The Akron native and former U.S. Poet Laureate has offered this statement about Angelou, who has died at age 86:
Maya Angelou was indeed a phenomenal woman – rising from the ashes of a childhood that would have rendered many of us mute and enraged, she made her way in a world that all too often despised her kind – a black woman, tall, fierce, and most fearsome of all, unafraid.
All of this is chronicled in the six volumes of her landmark autobiography – most notably its first volume, I Know Why the Caged Bird Sings. Now children read sections of it in school. As my grandmother would have said had she met her:” Girl, you done done something!”
I have encountered so many people for whom her poetry has been a balm and even a salvation: This is no mean feat, muttering critics aside. And though I would not count myself among the most ardent fans of her poetry, I admired her Inaugural recitation for President Clinton, On the Pulse of Morning, as a masterful exemplar of the occasional poem. It manages that most difficult trick: to be both simple and deep, appreciated by the person on the street upon first hearing, and yet containing riches upon closer, deeper reading – complex images, poignant litanies, a trajectory from the dinosaurs to the moment we were celebrating: a new President, a new era.
I first met Maya around 1990 when she came to speak in Charlottesville, where I teach at the University of Virginia. I managed to squeak past security to the green room a few minutes before her gig. I was uneasy, unsure of my reception: After all, I was part of a new generation of African-American poets, a “literary” aesthete in the eyes of many who had stamped out a space for Black literature in the sixties. Would she brand me a sell-out, a literary snob? I knocked on the doorjamb and announced myself; she turned the table, smiled, and enveloped me in an embrace.

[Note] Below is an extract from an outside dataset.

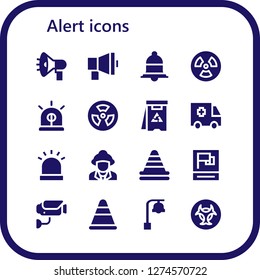  alert icon set. 16 filled alert icons. Simple modern icons about  - Megaphone, Notification, Radiation, Siren, Radioactive, Danger, Ambulance, Firefighter, Cone, Propaganda, Surveillance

Maya Angelou was a beacon to many – poets and artists of all kinds, those young protégées eager to make a mark, those older and perhaps already discouraged. Her autobiographical books were startling in their honesty but most importantly, also dazzling in their artistry: Here I am, they proclaimed; here we are, they whispered. Being an icon is often a lonely, thankless job: Envy and worship are two sides of the same ambivalent coin. But Maya wore the mantle with a dignity and joy that emboldened and enlivened those who knew her story: She understood the hunger for role models providing a window onto a world many had not been able to imagine. She did us proud.